### Task instructions
After locating the line that contains "A Place Of Refuge - English_Book", output that line and each one following it, exactly, to the end of the entries. No pictures.

### Materials provided
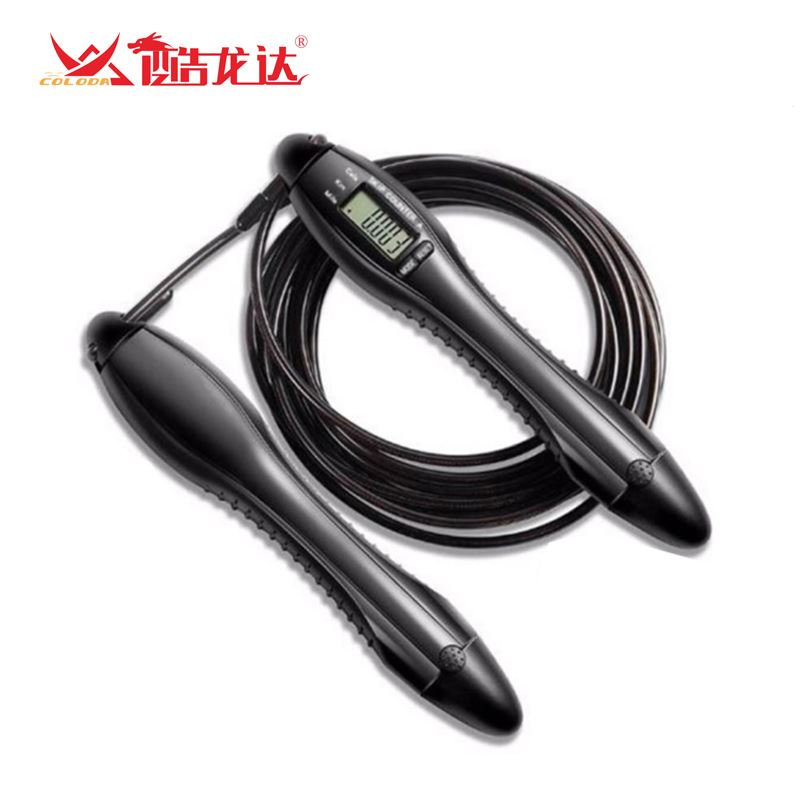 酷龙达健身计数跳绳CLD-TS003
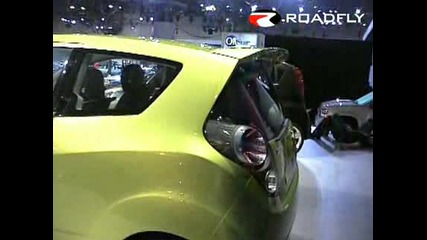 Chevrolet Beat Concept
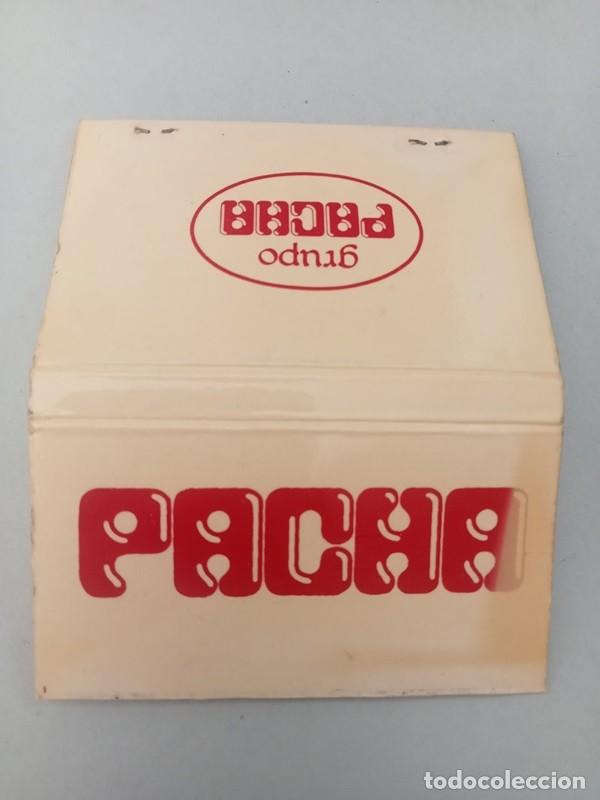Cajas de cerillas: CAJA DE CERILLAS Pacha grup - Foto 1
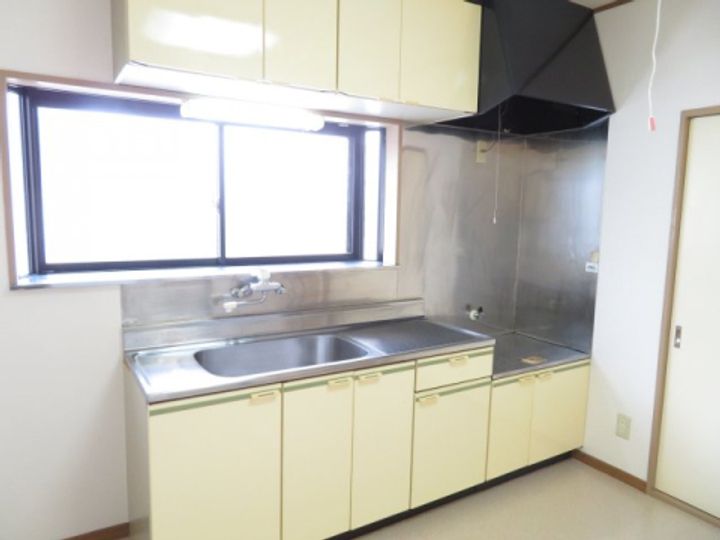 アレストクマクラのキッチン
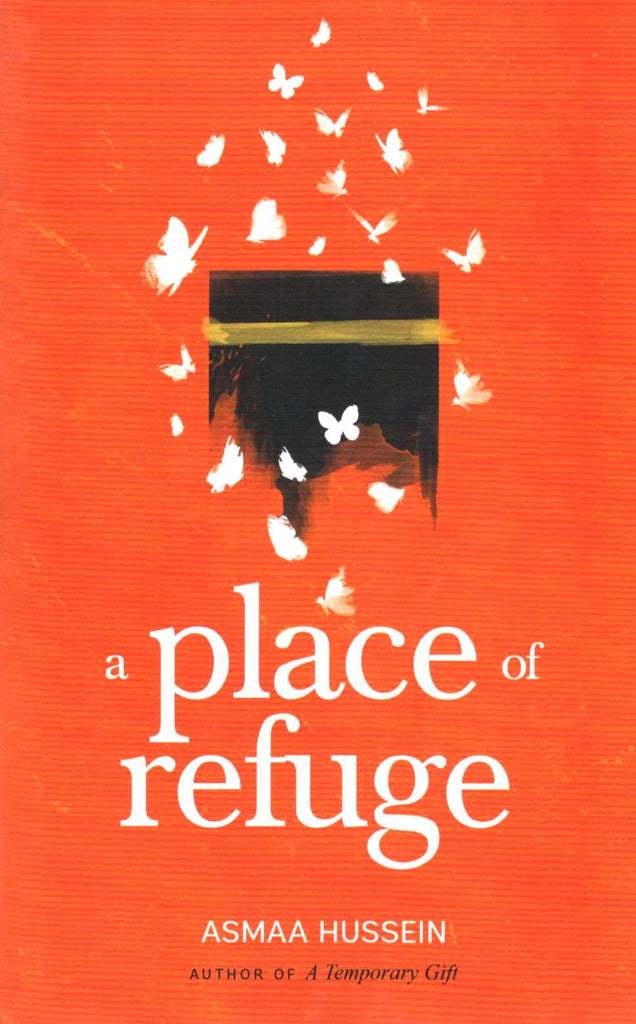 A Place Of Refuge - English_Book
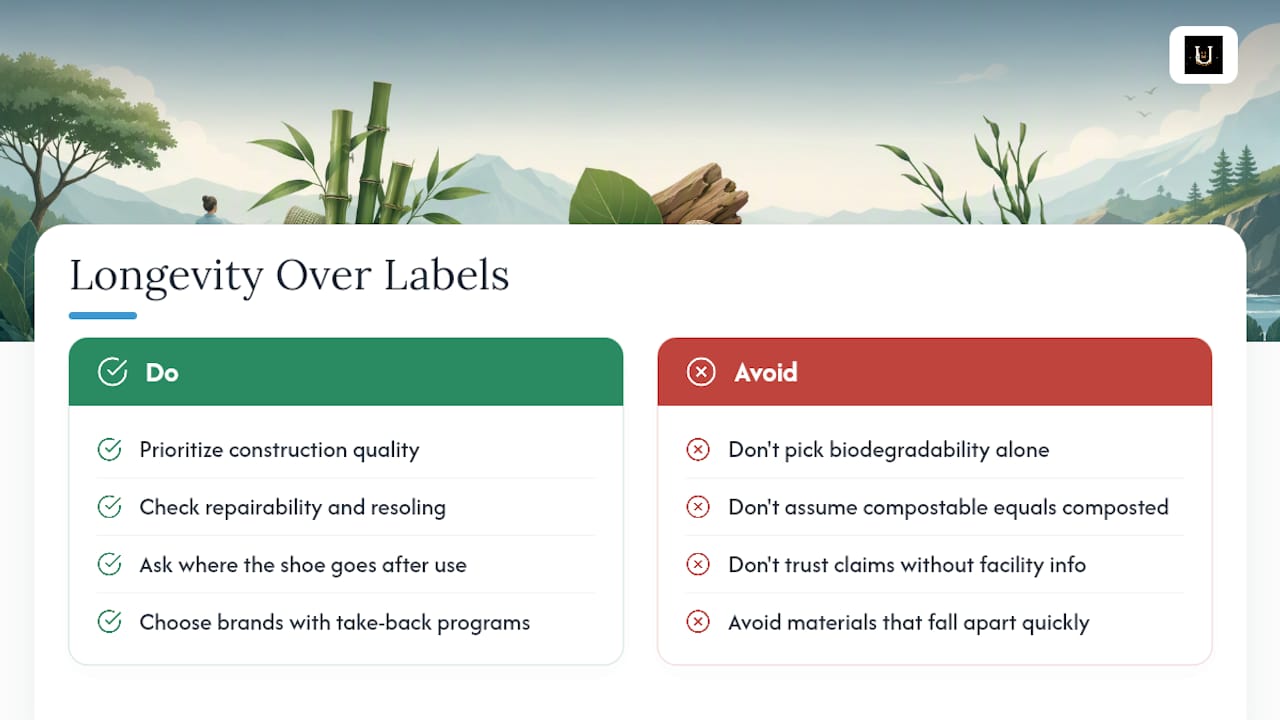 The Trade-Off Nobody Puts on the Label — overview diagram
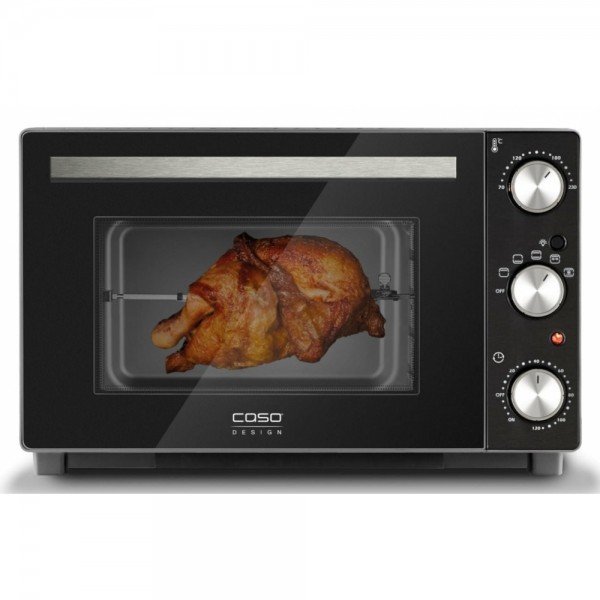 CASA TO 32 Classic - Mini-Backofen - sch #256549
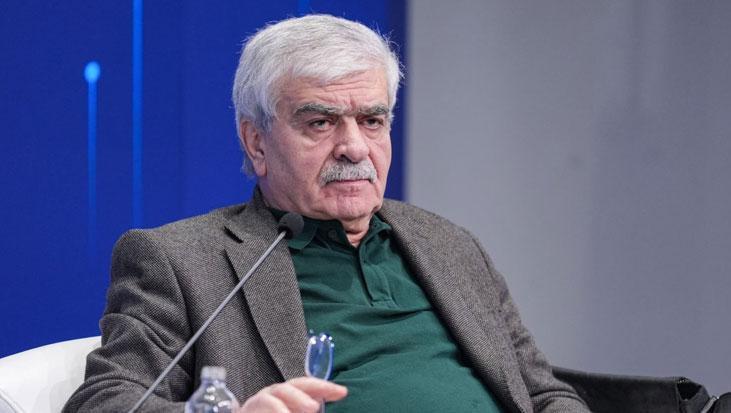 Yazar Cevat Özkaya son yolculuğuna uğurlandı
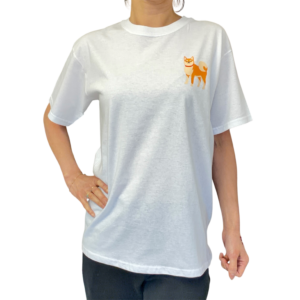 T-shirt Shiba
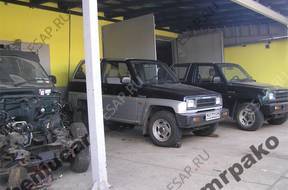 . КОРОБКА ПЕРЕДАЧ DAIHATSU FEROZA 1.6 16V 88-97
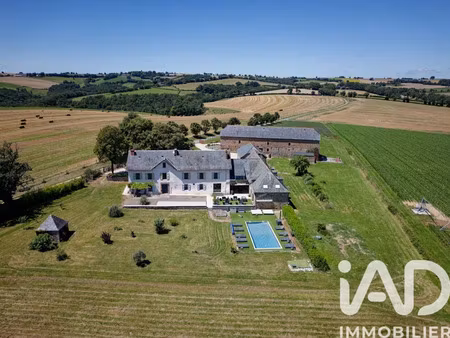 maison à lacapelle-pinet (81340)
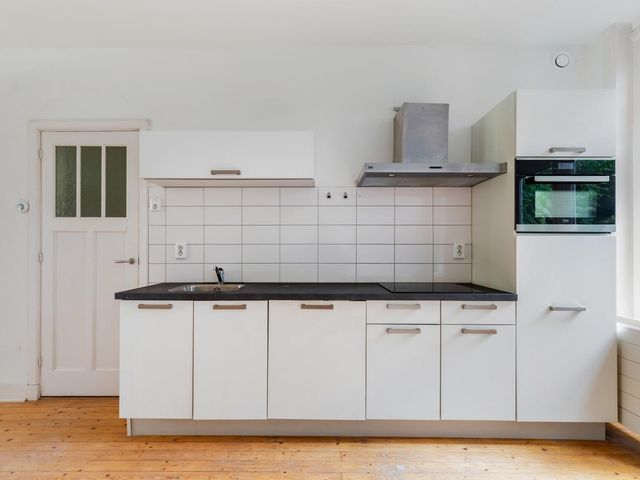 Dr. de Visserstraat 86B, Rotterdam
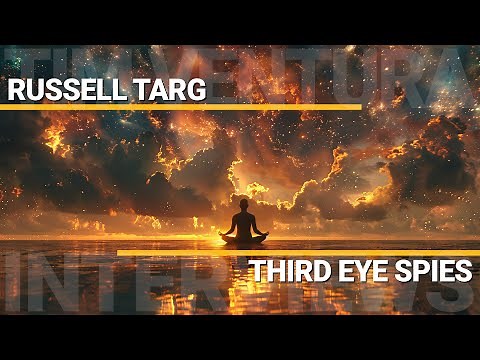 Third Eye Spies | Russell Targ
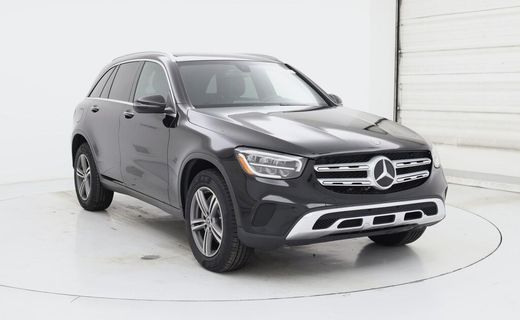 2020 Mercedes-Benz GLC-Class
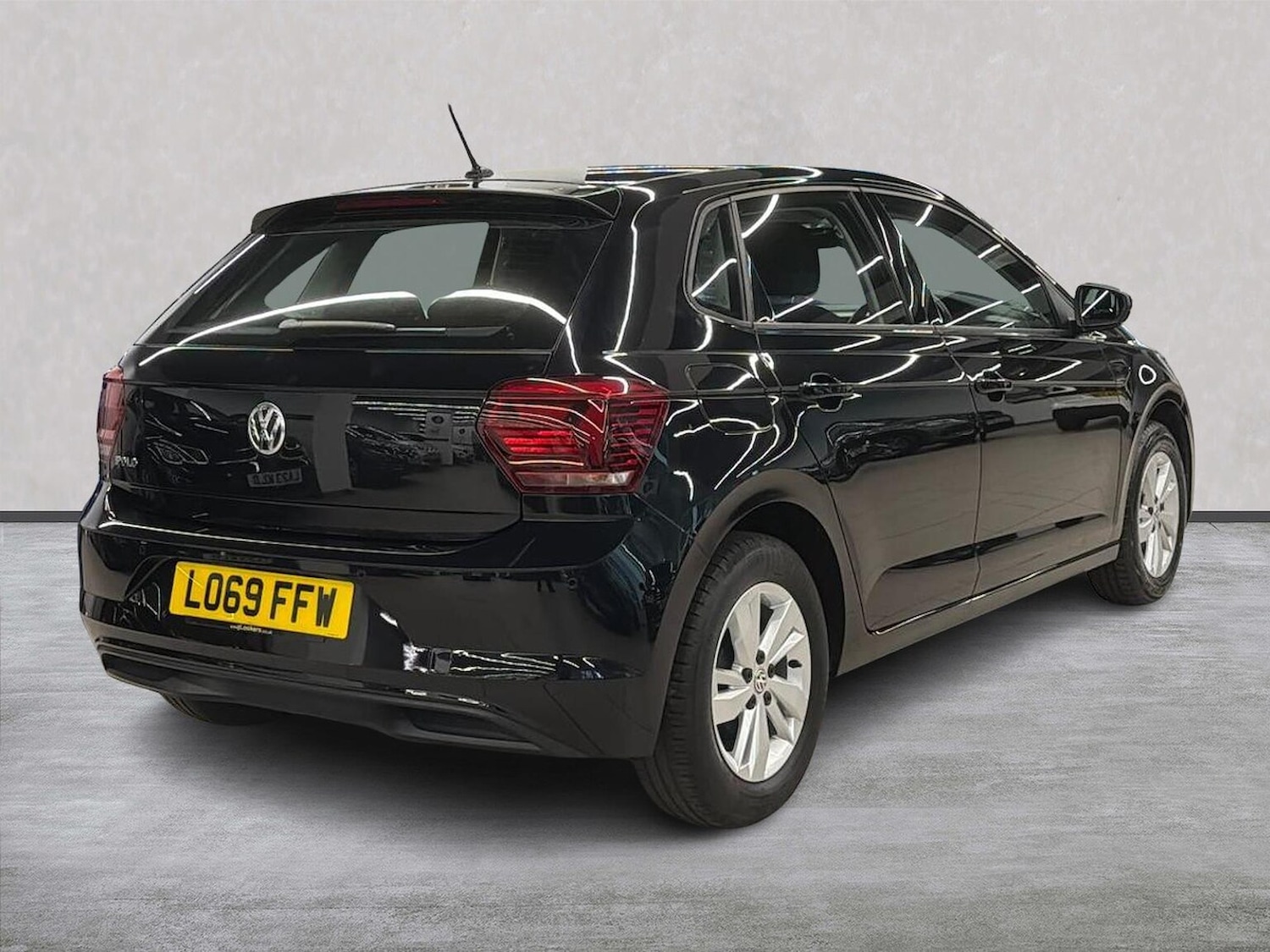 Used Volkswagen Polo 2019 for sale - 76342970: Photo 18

### Response area
 A Place Of Refuge - English_Book
 The Trade-Off Nobody Puts on the Label — overview diagram
 CASA TO 32 Classic - Mini-Backofen - sch #256549
 Yazar Cevat Özkaya son yolculuğuna uğurlandı
 T-shirt Shiba
 . КОРОБКА ПЕРЕДАЧ DAIHATSU FEROZA 1.6 16V 88-97
 maison à lacapelle-pinet (81340)
 Dr. de Visserstraat 86B, Rotterdam
 Third Eye Spies | Russell Targ
 2020 Mercedes-Benz GLC-Class
 Used Volkswagen Polo 2019 for sale - 76342970: Photo 18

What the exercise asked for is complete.